The solid steel string whine of Feeny's axe on "If Monday Were Mine" gives a lay of the land with its bittersweet, lost wistfulness for something previous, something simpler, something a wish can never really bring home: the end to longing. "Capitalist Riot" is the pop song as elegy. With its textured and layered strings winding around each other and laying a bed of glissando shapes and timbral elegance, it offers bereavement as recollection and an empty lavender evening sky as the sum total of acceptance. Think of the middle period work of Joe Henry and you've got an idea. And these songs beg a question for Trimble as a writer (as a poet, really), and that is: where do these songs point if not to the margin where personal experience meets the collective by means of Americana-based rock & roll? These songs are rooted in a poetry that bleeds communal experience as one shared by death, disappointment, survival, resolve, resignation, and transcendence.

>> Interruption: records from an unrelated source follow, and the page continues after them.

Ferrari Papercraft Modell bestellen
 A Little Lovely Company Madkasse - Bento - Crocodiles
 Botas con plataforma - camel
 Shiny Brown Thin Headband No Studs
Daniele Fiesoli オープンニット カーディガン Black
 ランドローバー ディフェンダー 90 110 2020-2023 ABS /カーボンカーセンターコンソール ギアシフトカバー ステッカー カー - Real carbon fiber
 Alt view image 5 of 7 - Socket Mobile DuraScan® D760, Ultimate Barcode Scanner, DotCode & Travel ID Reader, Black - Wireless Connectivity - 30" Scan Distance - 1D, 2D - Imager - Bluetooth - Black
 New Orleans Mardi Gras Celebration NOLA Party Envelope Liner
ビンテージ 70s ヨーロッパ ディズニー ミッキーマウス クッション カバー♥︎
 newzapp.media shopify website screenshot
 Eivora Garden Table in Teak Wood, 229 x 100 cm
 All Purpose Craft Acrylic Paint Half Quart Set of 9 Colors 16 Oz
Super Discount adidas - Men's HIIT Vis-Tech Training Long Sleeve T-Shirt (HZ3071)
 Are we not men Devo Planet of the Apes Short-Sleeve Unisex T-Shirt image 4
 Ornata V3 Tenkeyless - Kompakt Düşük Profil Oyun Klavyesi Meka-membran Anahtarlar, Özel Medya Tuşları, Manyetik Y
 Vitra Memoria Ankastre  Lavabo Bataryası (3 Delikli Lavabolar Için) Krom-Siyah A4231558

Where it all gets blurry and then so clear that it's frightening is in Trimble's account of Mary Magdalene on "In Remembrance of Her." As Jesus sings (or is it the songwriter?), the guitars falter, plodding the frame of the scene as the familiar scene of Magdalene anointing Christ's feet with oil and washing them with her hair. Pedal steel coming from the desert washes down inside the mix; there's a pair of bass players crossing in the middle of the body of the tune and Trimble is switching back and forth between images from the present and from the Bible, speaking in that world-weary voice of tolerance and heartbreak only Christ could sing with. The track splits at the seams and we hear him say, "But every night I say my prayers/In remembrance of her/Her eyes/They don't even wait for night/They don't even wait for life." This is the sound of Holy Saturday as it becomes flesh in rock & roll, the sound of a body interred in a tomb whose spirit can feel the bleeding heart of love and desire that weeps outside...waiting. On "Cold War" the ghosts of Ian Curtis and Joy Division waft through the sewer grates and come up for a look around at the barren landscape of relationships that remain tied but unwound by pressures and spirits far too large to name or even conceive. But there is straight-ahead rock & roll on No City Fun as well, such as on "Over the Gun," with its ravaged-heart lust and resignation to the costly ache of betrayal. With its screaming middle and overdriven feedback and steel whine, it's as if country music finally found its place in the postmodern world and the grain in Trimble's voice reveals that the entire universe has cracked open and is gushing its brokenness from the center of a guy with an electric guitar.
There isn't a weak moment on No City Fun. American Mars, during the years between recordings, has become a leaner, more confusing, and profound rock & roll band by aiming for the lyrical places where only ghosts dare to whisper and the musical spaces where past, present, and future bleed into one another as the timelessness of one endless twilight sky.